El viejo Magallanes levanta los ojos y le da una larga pitada al cigarro.
-Fue por los sapos. Todavía recuerdo la gran invasión de sapos que hubo en Sauce Viejo. Tiempos bravos que valió la pena vivir para contarlos.
-¿Llegaron con alguna crecida del río?
-Se bajaron de los camalotes. Una noche el río se llenó de camalotes y de entre las hojas empezaron a salir sapos de todos los tamaños y colores. Importados y nacionales. Había sapos verdes, marrones, lilas.

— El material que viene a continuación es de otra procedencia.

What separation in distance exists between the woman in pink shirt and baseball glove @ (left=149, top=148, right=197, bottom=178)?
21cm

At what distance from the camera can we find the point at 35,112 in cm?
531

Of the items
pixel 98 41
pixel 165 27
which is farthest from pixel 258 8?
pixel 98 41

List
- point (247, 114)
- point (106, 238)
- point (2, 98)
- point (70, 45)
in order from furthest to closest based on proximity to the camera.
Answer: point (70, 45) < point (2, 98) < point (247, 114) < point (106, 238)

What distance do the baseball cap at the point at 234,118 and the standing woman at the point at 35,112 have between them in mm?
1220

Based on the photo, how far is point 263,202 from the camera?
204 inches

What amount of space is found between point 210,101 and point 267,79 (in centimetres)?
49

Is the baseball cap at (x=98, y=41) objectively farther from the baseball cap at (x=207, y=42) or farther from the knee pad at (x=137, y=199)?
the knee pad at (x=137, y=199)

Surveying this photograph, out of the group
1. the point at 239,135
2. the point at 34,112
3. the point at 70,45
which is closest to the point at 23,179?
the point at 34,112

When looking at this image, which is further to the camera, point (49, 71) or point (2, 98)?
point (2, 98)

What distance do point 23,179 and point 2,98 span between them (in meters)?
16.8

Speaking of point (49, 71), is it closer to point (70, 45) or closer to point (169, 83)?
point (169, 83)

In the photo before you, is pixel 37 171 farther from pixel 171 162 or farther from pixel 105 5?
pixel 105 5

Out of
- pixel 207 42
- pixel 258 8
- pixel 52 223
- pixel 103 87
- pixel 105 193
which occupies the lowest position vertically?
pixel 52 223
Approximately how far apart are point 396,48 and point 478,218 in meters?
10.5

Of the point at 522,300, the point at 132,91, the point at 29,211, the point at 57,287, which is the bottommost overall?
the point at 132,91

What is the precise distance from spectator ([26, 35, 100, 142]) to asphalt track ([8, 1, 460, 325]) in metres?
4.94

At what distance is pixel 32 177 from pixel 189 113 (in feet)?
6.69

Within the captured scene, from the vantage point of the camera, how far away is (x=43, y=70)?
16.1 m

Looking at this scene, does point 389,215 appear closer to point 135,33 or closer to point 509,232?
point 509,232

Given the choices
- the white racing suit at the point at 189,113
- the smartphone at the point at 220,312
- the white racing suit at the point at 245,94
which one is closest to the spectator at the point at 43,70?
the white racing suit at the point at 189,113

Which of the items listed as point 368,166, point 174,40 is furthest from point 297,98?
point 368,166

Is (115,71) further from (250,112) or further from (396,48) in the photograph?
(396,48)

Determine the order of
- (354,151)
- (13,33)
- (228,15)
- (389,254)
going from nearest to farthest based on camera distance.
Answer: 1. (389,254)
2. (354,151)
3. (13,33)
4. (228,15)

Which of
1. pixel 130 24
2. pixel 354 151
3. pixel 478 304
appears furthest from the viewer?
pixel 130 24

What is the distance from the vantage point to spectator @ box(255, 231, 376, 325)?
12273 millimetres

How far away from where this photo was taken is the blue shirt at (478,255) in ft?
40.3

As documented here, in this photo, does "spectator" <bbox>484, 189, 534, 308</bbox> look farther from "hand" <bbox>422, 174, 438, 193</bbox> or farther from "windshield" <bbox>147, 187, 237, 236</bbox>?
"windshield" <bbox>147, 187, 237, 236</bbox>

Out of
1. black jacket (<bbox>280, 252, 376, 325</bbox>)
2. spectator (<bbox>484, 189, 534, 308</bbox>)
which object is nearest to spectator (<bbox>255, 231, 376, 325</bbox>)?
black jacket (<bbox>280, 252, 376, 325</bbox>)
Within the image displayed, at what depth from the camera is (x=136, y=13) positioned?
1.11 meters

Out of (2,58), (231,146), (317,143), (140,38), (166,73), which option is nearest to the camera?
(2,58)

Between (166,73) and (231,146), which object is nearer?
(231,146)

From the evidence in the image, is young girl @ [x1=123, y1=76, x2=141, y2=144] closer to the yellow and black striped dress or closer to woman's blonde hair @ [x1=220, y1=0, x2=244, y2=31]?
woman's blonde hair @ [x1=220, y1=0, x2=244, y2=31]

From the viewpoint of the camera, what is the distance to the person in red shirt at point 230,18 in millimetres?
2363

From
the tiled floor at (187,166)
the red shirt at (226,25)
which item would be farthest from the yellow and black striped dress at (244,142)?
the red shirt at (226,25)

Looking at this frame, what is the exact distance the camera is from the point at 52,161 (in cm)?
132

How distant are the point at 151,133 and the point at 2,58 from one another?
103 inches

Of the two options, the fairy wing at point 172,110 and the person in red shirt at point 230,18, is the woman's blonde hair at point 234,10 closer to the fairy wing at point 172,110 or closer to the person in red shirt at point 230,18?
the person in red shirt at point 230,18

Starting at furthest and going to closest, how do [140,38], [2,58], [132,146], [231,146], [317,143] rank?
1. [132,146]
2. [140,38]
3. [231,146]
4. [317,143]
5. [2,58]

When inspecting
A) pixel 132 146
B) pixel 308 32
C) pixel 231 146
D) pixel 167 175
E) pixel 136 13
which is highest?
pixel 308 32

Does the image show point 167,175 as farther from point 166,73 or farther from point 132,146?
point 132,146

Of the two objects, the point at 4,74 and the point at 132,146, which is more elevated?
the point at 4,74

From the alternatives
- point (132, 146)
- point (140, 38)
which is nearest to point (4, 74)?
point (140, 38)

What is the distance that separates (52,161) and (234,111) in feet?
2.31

-¿Sapos lilas Don Ataulfo?
-Como lo oye amiguito, lilas y rosados con pintitas celestes. De todo había en esa caravana de bestias croantes que pasaban de una cuneta a la otra buscando comida.

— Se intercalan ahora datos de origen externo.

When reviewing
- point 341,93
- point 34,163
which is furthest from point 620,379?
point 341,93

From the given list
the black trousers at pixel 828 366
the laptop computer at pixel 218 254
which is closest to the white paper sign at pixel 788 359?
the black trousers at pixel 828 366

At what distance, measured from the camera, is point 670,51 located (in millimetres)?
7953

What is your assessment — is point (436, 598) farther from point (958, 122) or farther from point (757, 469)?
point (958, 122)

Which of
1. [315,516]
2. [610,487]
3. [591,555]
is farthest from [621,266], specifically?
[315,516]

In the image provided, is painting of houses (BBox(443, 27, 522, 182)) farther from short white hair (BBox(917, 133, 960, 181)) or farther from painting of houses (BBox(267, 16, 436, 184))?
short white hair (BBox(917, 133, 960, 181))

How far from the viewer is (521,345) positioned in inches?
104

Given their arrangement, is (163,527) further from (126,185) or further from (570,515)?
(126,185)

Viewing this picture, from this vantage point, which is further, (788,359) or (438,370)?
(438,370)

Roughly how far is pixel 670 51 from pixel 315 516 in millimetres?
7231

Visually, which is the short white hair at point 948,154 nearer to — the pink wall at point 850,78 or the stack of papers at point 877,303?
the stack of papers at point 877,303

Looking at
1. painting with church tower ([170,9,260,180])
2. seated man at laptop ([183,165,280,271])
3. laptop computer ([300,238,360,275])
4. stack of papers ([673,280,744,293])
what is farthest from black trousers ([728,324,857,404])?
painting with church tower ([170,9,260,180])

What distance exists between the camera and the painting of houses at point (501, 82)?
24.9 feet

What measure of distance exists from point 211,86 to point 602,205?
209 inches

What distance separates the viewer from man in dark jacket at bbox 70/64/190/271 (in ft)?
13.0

-Como lo oye amiguito, lilas y rosados con pintitas celestes. De todo había en esa caravana de bestias croantes que pasaban de una cuneta a la otra buscando comida.
Uno de los chicos, que ya comienza a desconfiar de la historia, mira al cuentero con ojos pícaros.

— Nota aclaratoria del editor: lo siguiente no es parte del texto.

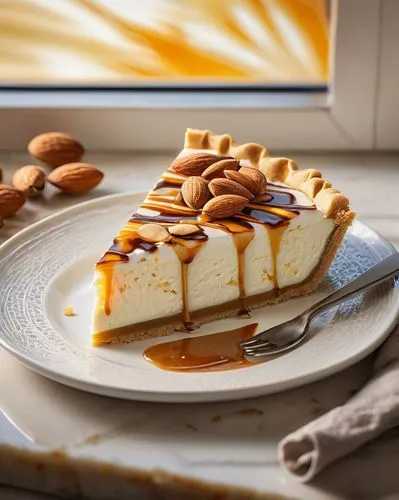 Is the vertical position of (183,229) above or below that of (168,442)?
above

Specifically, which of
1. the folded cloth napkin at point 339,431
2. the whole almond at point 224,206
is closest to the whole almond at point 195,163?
the whole almond at point 224,206

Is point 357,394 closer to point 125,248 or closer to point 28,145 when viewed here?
point 125,248

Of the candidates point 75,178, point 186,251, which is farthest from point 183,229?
point 75,178

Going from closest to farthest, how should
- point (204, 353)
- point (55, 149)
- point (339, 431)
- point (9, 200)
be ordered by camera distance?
point (339, 431) < point (204, 353) < point (9, 200) < point (55, 149)

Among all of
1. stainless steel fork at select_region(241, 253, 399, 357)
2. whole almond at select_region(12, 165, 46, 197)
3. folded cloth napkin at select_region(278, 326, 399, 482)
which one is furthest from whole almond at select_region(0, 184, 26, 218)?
folded cloth napkin at select_region(278, 326, 399, 482)

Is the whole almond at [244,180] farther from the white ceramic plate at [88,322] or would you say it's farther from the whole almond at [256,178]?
the white ceramic plate at [88,322]

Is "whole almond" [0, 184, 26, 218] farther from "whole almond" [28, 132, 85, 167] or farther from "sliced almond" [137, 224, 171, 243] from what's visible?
"sliced almond" [137, 224, 171, 243]

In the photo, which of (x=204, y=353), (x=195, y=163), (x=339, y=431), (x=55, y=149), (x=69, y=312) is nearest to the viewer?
(x=339, y=431)

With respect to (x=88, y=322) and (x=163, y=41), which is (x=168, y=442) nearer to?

-Pero… ¿de los camalotes no habían bajado los mosquitos?
-Efectivamente. Los sapos venías de otra flota. Y se venían enojados porque los mosquitos no los habían dejado dormir. Así que empezaron a bajar, meta lengüetazo pelado a los zumbones. Era un contento las lenguas de los sapos cruzando encima de nuestras cabezas como cintas de acero, atrapando puntitos en la oscuridad. Fue una masacre. Unos días después, todos los mosquitos estaban muertos y los pocos que quedaron se habían ido río abajo, nadando sin pararse ni a respirar. Y por las calles de Sauce Viejo sólo se podían ver los sapos de todos los tamaños, durmiendo, con la panza enorme. Croando de vicio, al sol, porque ya no tenían hambre.
-¿Y cómo se fueron los sapos que no hay ninguno ahora?
El viejo apaga el cigarro con el taco de la bota y se pone de pie porque la patrona lo llama a tomar unos mates.
-Eso fue cuando invadieron los perros… pero otro día les cuento.
Los chicos, terminada la merienda, organizan un partido de fútbol. De pronto escuchan unos ruiditos entre las masetas. Acercando la oreja, pueden sentir una charla. Al descorrer las hojas de los helechos ven a un mosquito muy viejo, con una barba espesa y un cigarro en la boca. Lo rodean unos cuantos mosquitos chicos que lo escuchan con atención.
-Sapos…camalotes…llegaron…río…
Es que en Sauce Viejo, hasta los bichos más pequeños tienen quien les cuente historias durante la merienda.